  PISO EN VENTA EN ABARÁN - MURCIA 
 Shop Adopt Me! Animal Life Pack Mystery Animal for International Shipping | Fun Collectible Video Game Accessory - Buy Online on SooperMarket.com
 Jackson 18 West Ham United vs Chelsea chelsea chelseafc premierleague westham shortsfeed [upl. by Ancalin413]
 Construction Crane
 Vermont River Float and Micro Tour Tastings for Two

####################

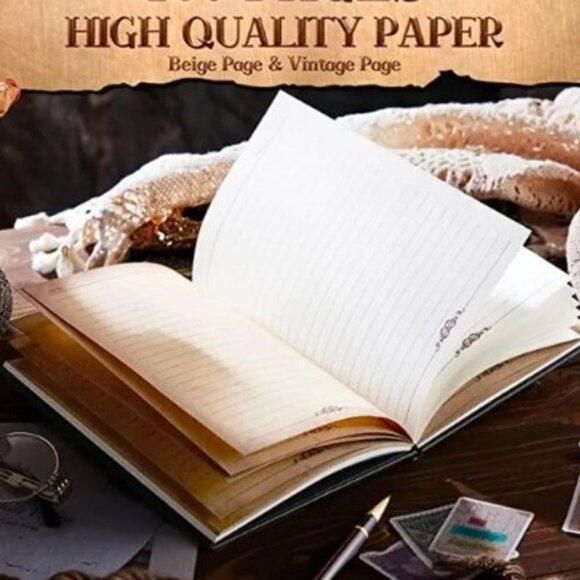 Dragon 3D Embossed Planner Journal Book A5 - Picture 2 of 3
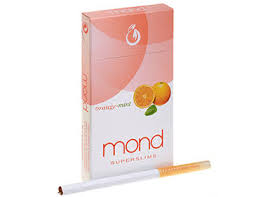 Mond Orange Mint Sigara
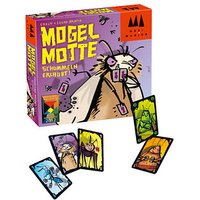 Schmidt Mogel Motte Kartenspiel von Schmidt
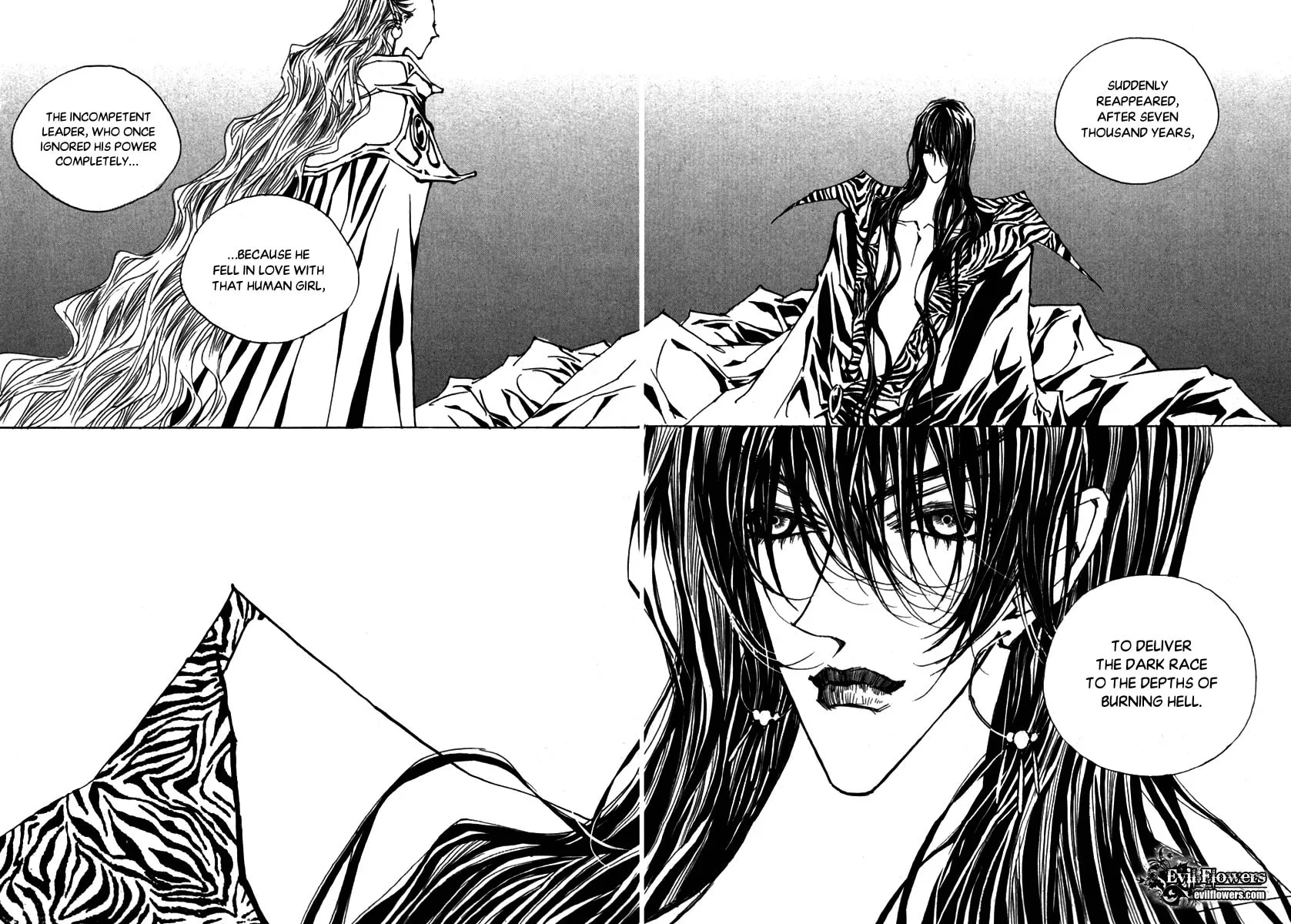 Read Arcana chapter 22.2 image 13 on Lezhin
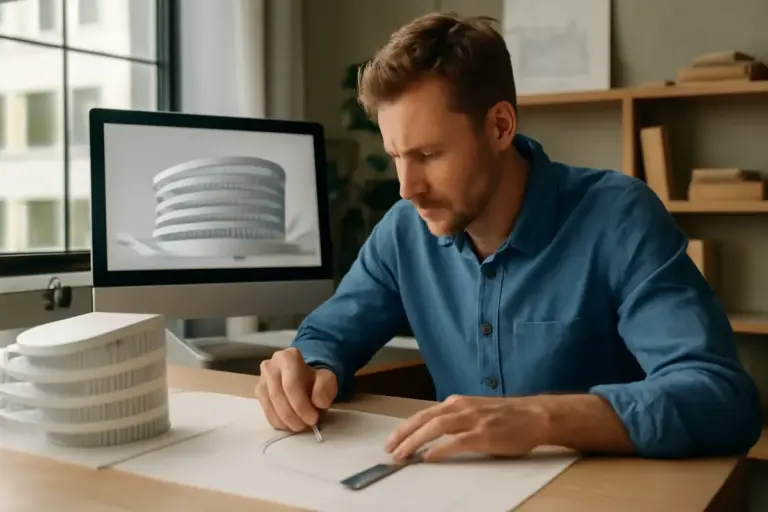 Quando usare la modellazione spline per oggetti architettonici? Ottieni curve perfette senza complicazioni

####################

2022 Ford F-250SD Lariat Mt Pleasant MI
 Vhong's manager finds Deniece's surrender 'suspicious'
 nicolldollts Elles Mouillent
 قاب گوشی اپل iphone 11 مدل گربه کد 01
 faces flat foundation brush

####################

What is needed
Above are some lines. Repeat exactly, and only, those from the line that has "Vhong's manager finds" through the line that has "faces flat foundation brush".

Answer section
 Vhong's manager finds Deniece's surrender 'suspicious'
 nicolldollts Elles Mouillent
 قاب گوشی اپل iphone 11 مدل گربه کد 01
 faces flat foundation brush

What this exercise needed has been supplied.